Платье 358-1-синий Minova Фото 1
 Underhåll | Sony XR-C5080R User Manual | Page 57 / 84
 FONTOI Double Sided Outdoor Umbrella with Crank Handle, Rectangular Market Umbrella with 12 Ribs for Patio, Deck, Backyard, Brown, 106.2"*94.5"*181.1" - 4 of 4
__________________________________________________
◆ WHAT THIS TASK INVOLVES:
Without omitting anything, reproduce the whole of the data.

◆ SOLUTION TO THIS PROBLEM:
Платье 358-1-синий Minova Фото 1
 Underhåll | Sony XR-C5080R User Manual | Page 57 / 84
 FONTOI Double Sided Outdoor Umbrella with Crank Handle, Rectangular Market Umbrella with 12 Ribs for Patio, Deck, Backyard, Brown, 106.2"*94.5"*181.1" - 4 of 4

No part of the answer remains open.